=== DATASET SECTION ===
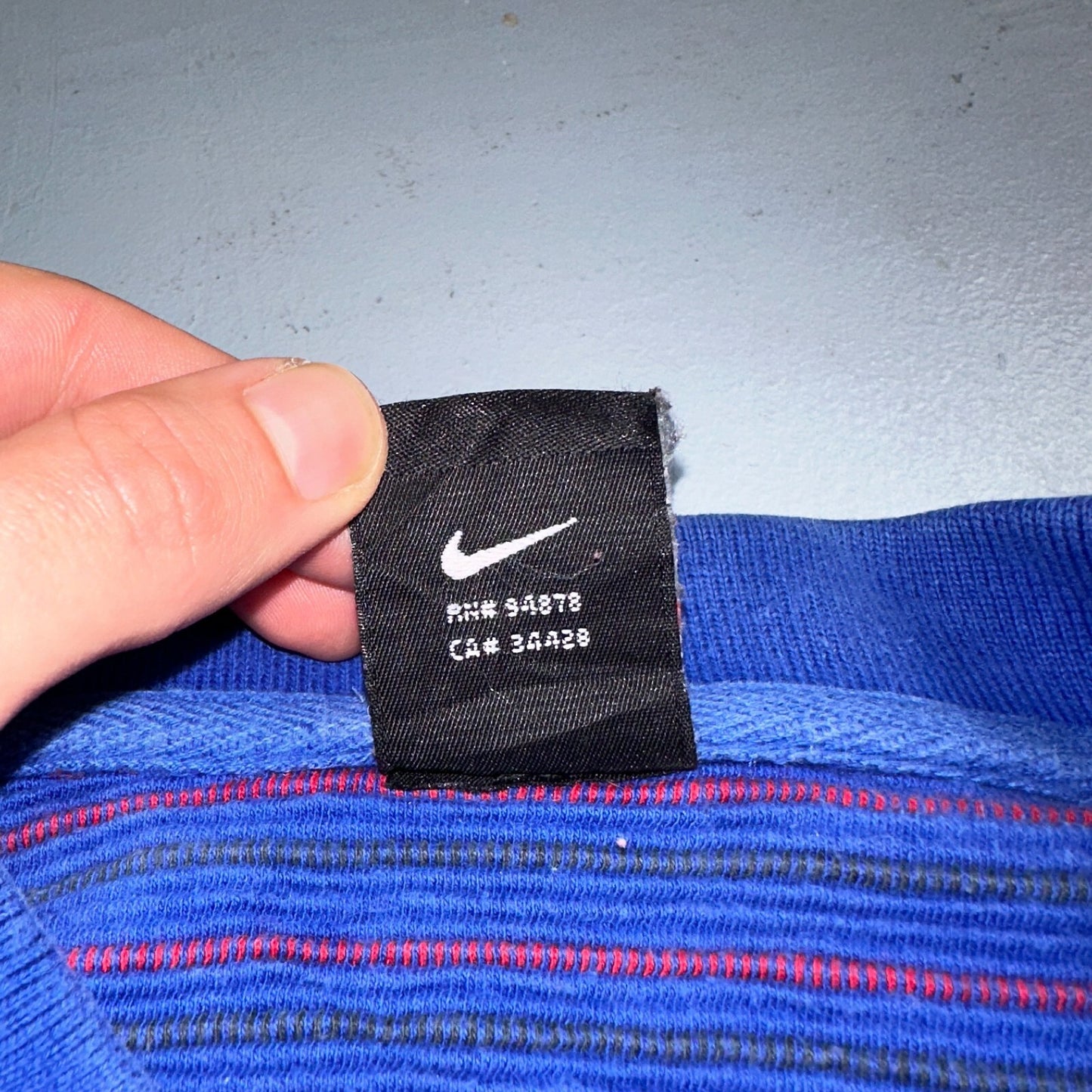 Nike VTG 90s Kansas University Polo T Shirt L Team Long Sleeve Striped Jayhawks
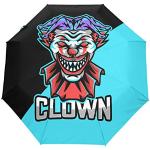 Joker Noir Bleu Clown Parapluie Pliable Pliant à O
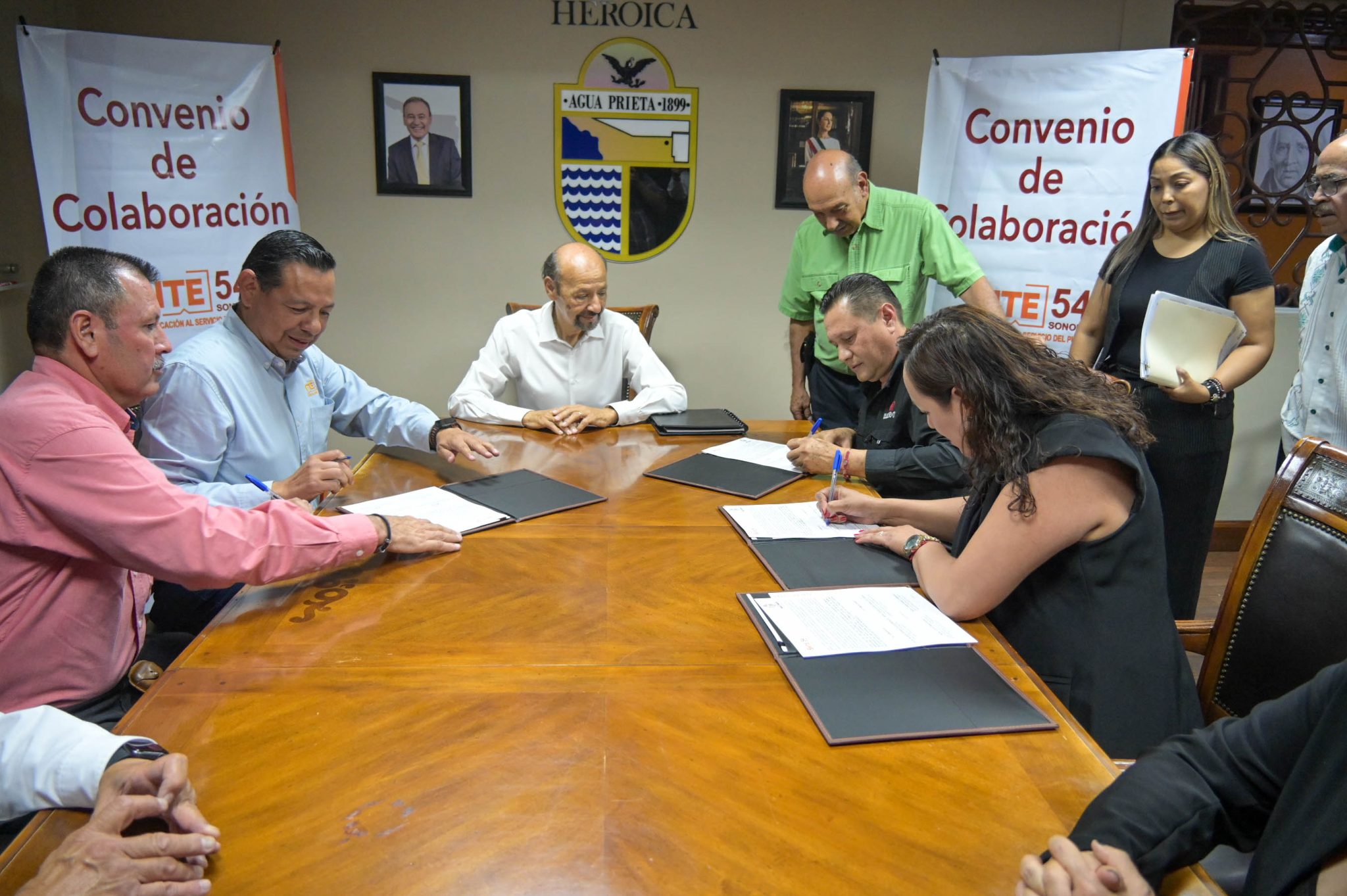 firma de convenio snte isssteson dif-18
===
Without the pictures, write out every line above exactly as it appears.

 Nike VTG 90s Kansas University Polo T Shirt L Team Long Sleeve Striped Jayhawks
 Joker Noir Bleu Clown Parapluie Pliable Pliant à O
 firma de convenio snte isssteson dif-18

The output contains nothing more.